* Directions for this task
Drop all pictures and repeat exactly the lines from the line holding "Japanese Brand ×" through the end of the records.

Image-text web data
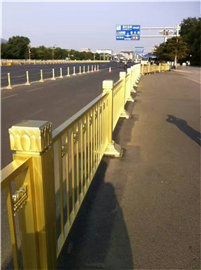 黄金交通护栏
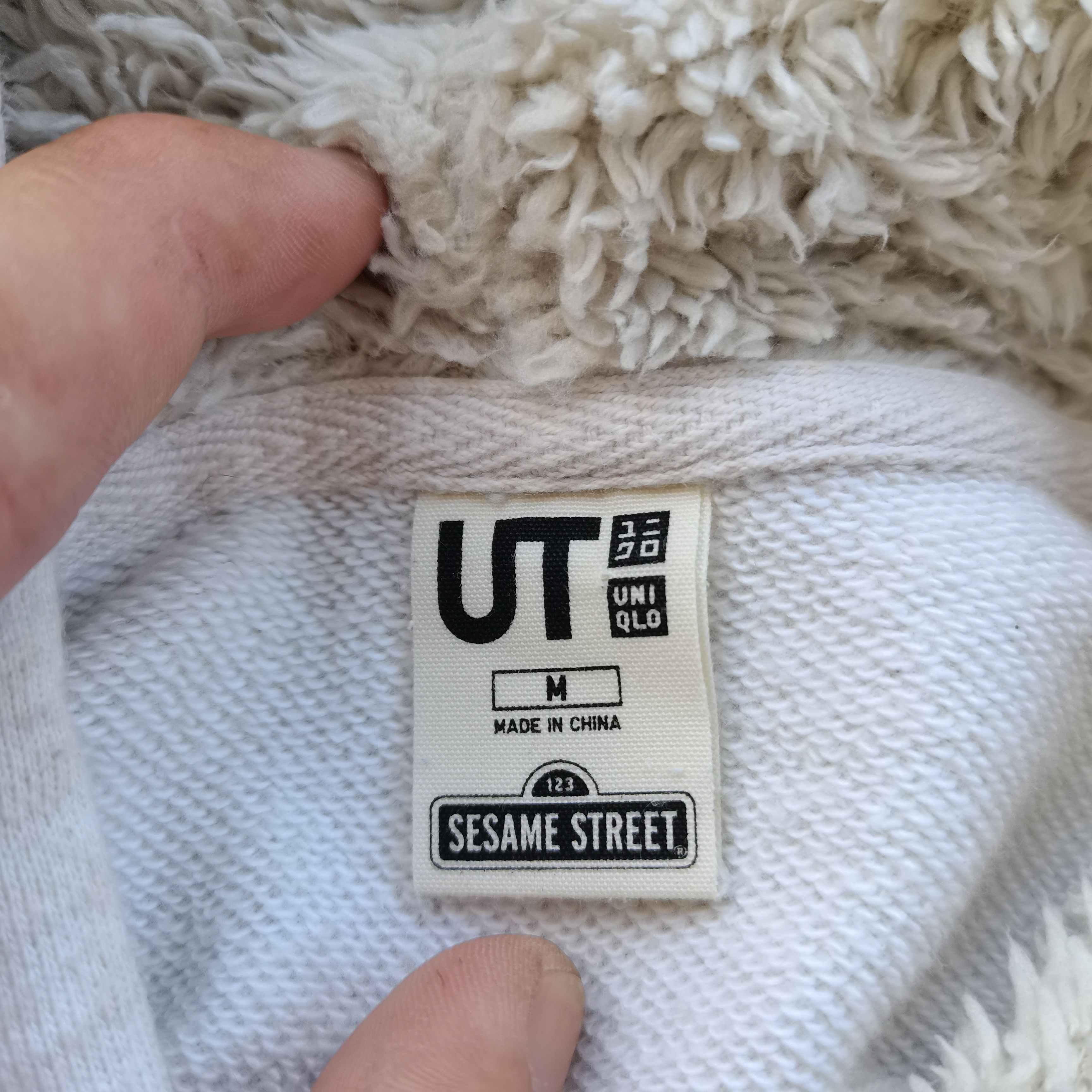 Japanese Brand × Vintage UNIQLO X SESAME STREET Sweater With Hoodie Size US M / EU 48-50 / 2 - 16 Thumbnail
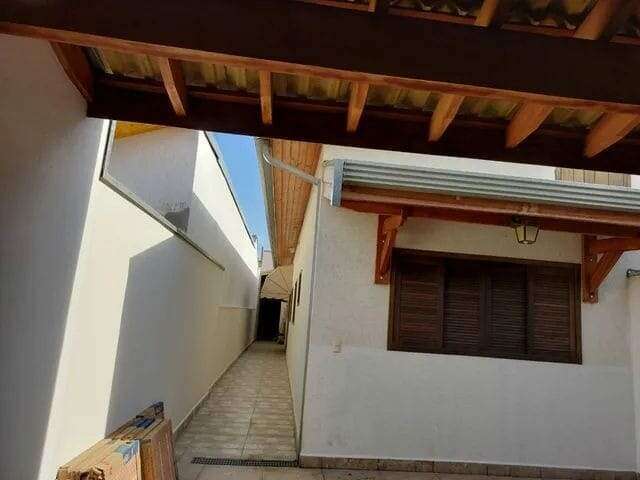 Casa à venda, com 3 dormitórios (quartos ) sendo 1 suíte com garagem para 2 carros no Vila Real Continuação, Hortolândia, SP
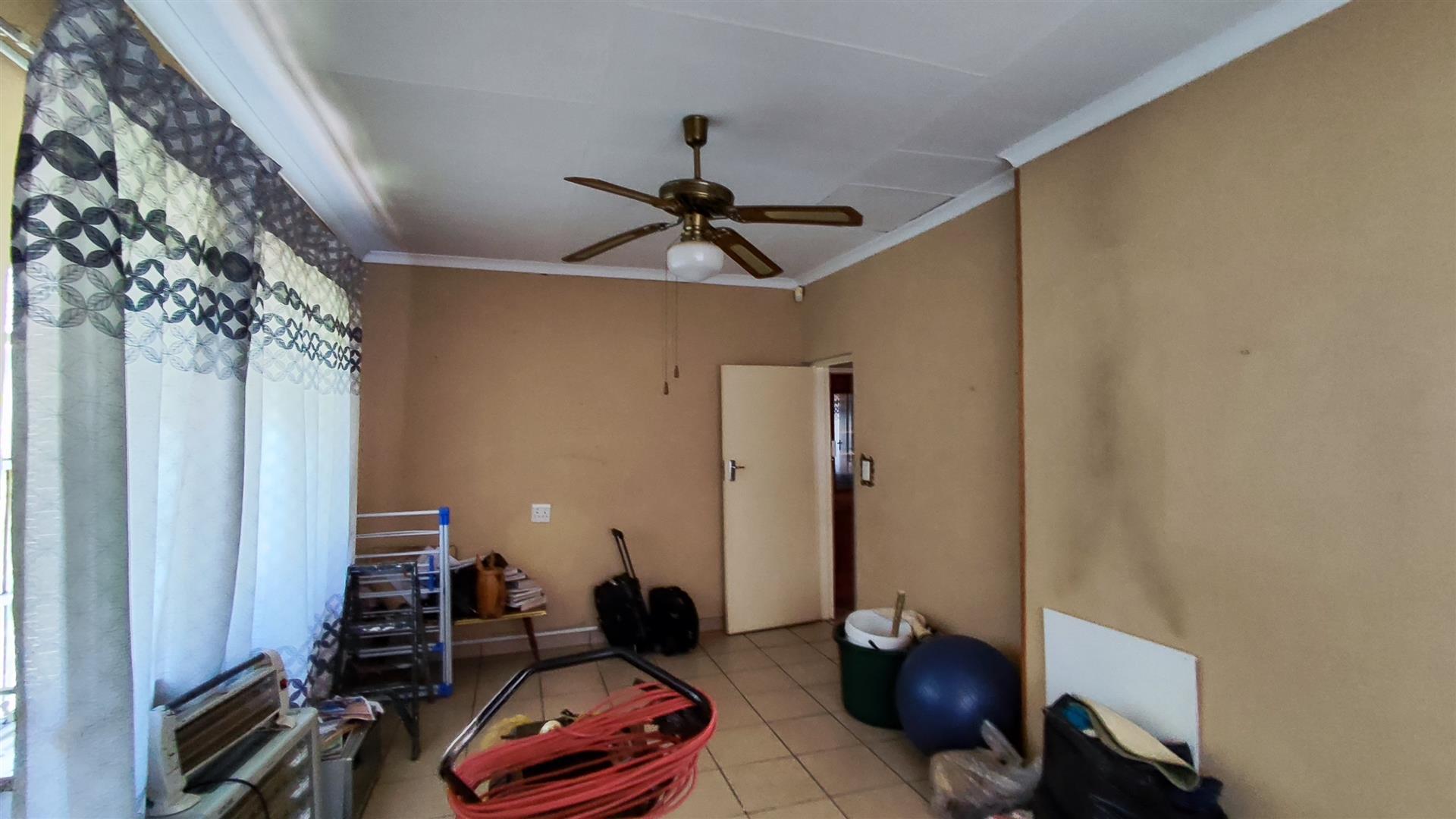 Flatlet - 35 square meters of property in Vanderbijlpark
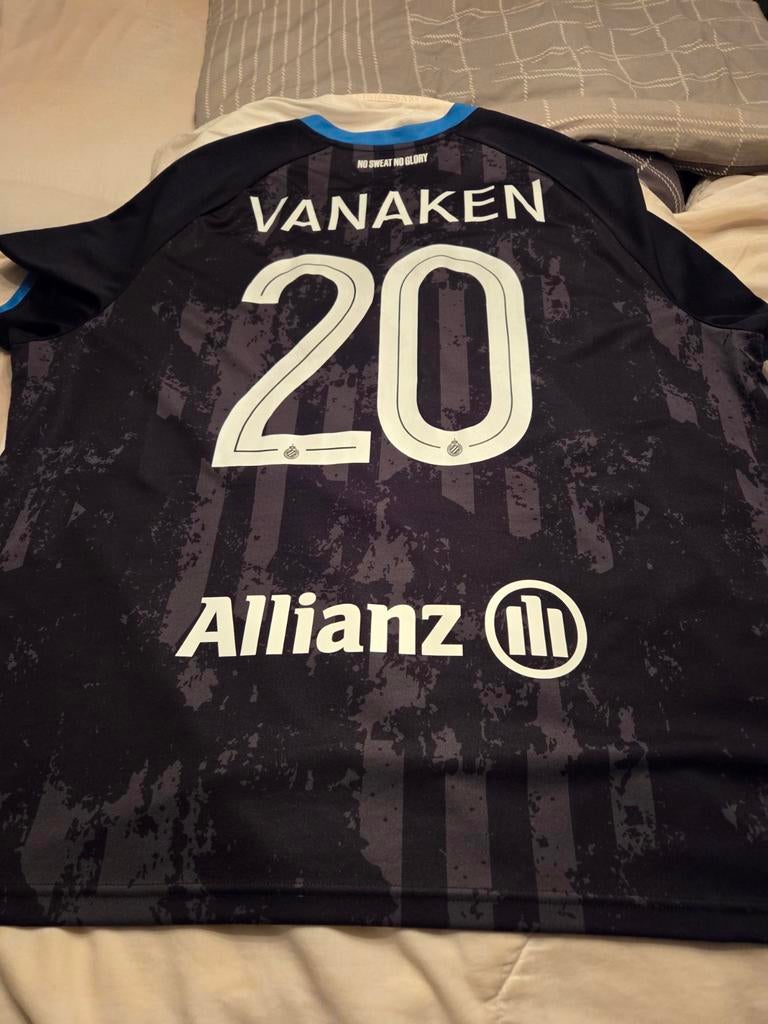 Truitje vanaken 20 clubbrugge xl4, Ophalen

* Answer space
 Japanese Brand × Vintage UNIQLO X SESAME STREET Sweater With Hoodie Size US M / EU 48-50 / 2 - 16 Thumbnail
 Casa à venda, com 3 dormitórios (quartos ) sendo 1 suíte com garagem para 2 carros no Vila Real Continuação, Hortolândia, SP
 Flatlet - 35 square meters of property in Vanderbijlpark
 Truitje vanaken 20 clubbrugge xl4, Ophalen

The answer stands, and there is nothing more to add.